Além da Medida Provisória, outra proposta voltou a preocupar os caminhoneiros neste mês. O senador Wellington Fagundes (PL-MT) retomou a discussão de um projeto apresentado em 2021 que altera as regras do vale-pedágio.
Hoje, o pagamento do pedágio é uma responsabilidade do contratante do transporte, evitando que esse custo seja descontado do valor recebido pelo motorista.
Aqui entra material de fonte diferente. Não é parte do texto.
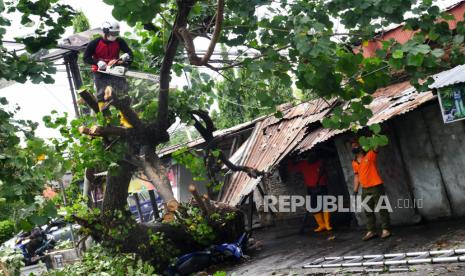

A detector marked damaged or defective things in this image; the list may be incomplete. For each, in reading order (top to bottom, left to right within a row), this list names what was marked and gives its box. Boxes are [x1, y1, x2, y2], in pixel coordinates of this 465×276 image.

damaged roof [222, 64, 464, 206]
Representantes da categoria afirmam que mudanças nessa regra podem reduzir a renda dos profissionais e enfraquecer uma conquista obtida após anos de negociações.
Assim, o setor vive duas disputas ao mesmo tempo. De um lado, caminhoneiros defendem regras mais rígidas para garantir o pagamento do frete mínimo e preservar benefícios como o vale-pedágio. Do outro, empresários afirmam que as mudanças aumentam os custos do transporte e podem provocar reajustes nos preços de produtos consumidos pela população.
Como a Medida Provisória ainda será analisada pelo Senado, o texto pode sofrer alterações antes de entrar em vigor de forma definitiva. Até lá, o debate deve continuar reunindo representantes dos caminhoneiros, da indústria, do agronegócio e do governo, em busca de um equilíbrio entre a remuneração dos transportadores e os impactos para a economia.